The school is conventionally named after Cadwallader C. Washburn. When the school was presented to the school board it was called William D. Washburn High School, in reference to Cadwallader's brother, but naming the school after William is thought to be an error. The school has been heavily influenced by Minneapolis's milling empire. Its newspaper, The Grist, involves milling terminology; the school's colors, blue and orange, were those of Gold Medal Flour, a company partly run by the Washburn family and a predecessor to General Mills; and the athletic teams' nickname is the Millers.

Campus 

Washburn is on a 4½-city block parcel bordered by West 49th and 50th streets on the north and south and Nicollet Ave. S. and Pleasant Ave. S on the east and west. Justice Page Middle School shares this parcel of land, with Washburn taking 2/3 of the space. In between the schools is A. E. MacQuarrie Field, which hosts football, soccer, lacrosse, and track and field competitions. In addition, the area between the school and field is a green space known as The Mall. Youth soccer teams, specifically the Fuller Soccer program from a neighboring park, use The Mall for games on weekends.

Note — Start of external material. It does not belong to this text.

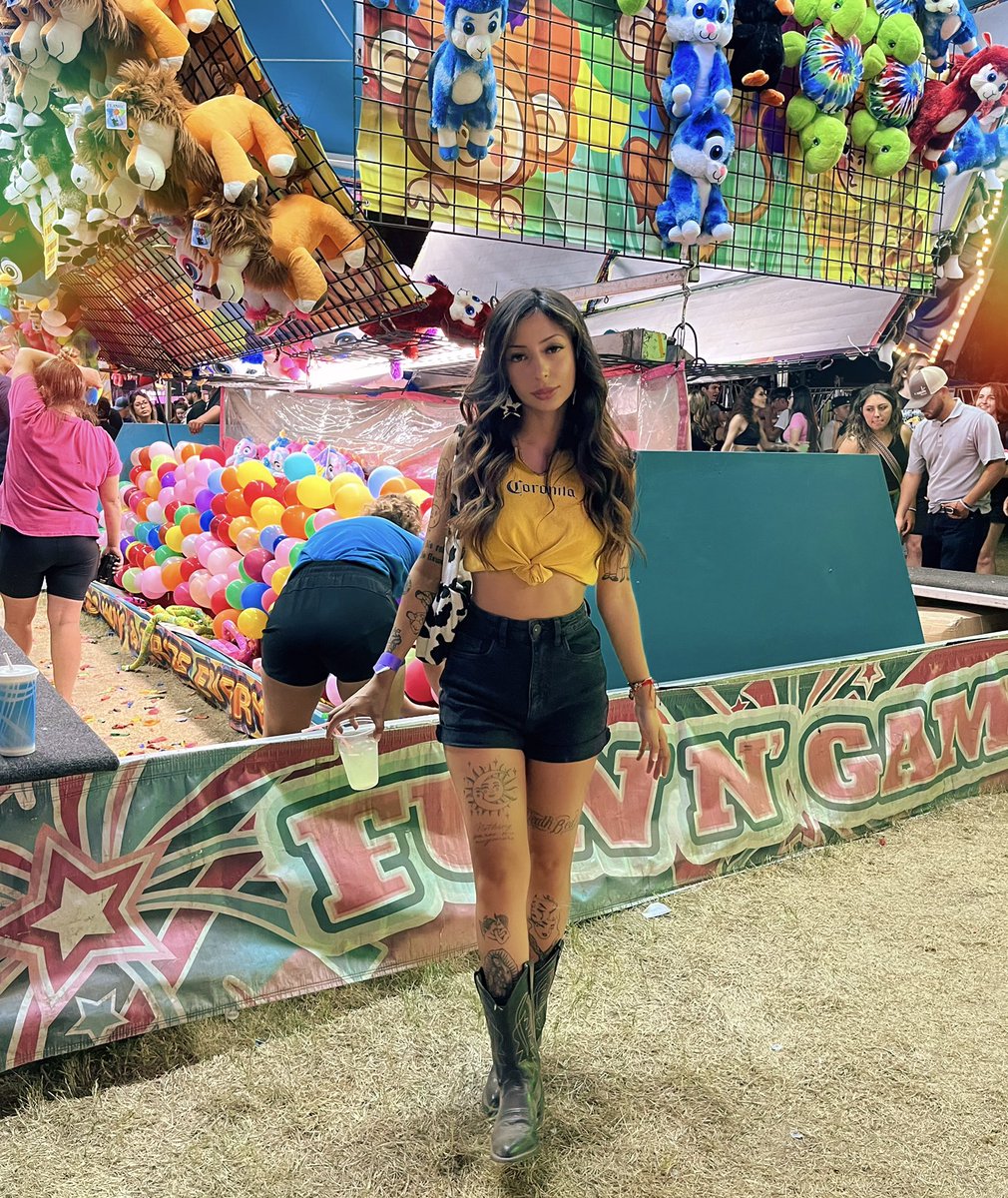 kissmycassieee's tweet photo. 🎡 https://t.co/duNIVmFglE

A tunnel under MacQuarrie Field connects the east side of Washburn and the west side of Page. It transports heating and air conditioning between the schools. During the winter, snow melts directly above the tunnel due to the steam pipes within showing the tunnel's location. Decades ago, students used the tunnel during the winter when overcrowding forced Washburn to hold classes in Ramsey.

Demographics
The demographic breakdown of the 1,960 students enrolled in 2021-22 was:
Male – 53%
Female – 47%
Native American/Alaskan – 0.9%
Asian/Pacific islanders – 3.5%
Black – 20.5%
Hispanic – 14.7%
White – 58.1%
Multiracial – 2.3%

31% of the students were eligible for free or reduced cost lunch. This is a Title I school.

Staff 
Emily Lilja Palmer, formerly of Sanford Middle School, was named the principal on July 2, 2018.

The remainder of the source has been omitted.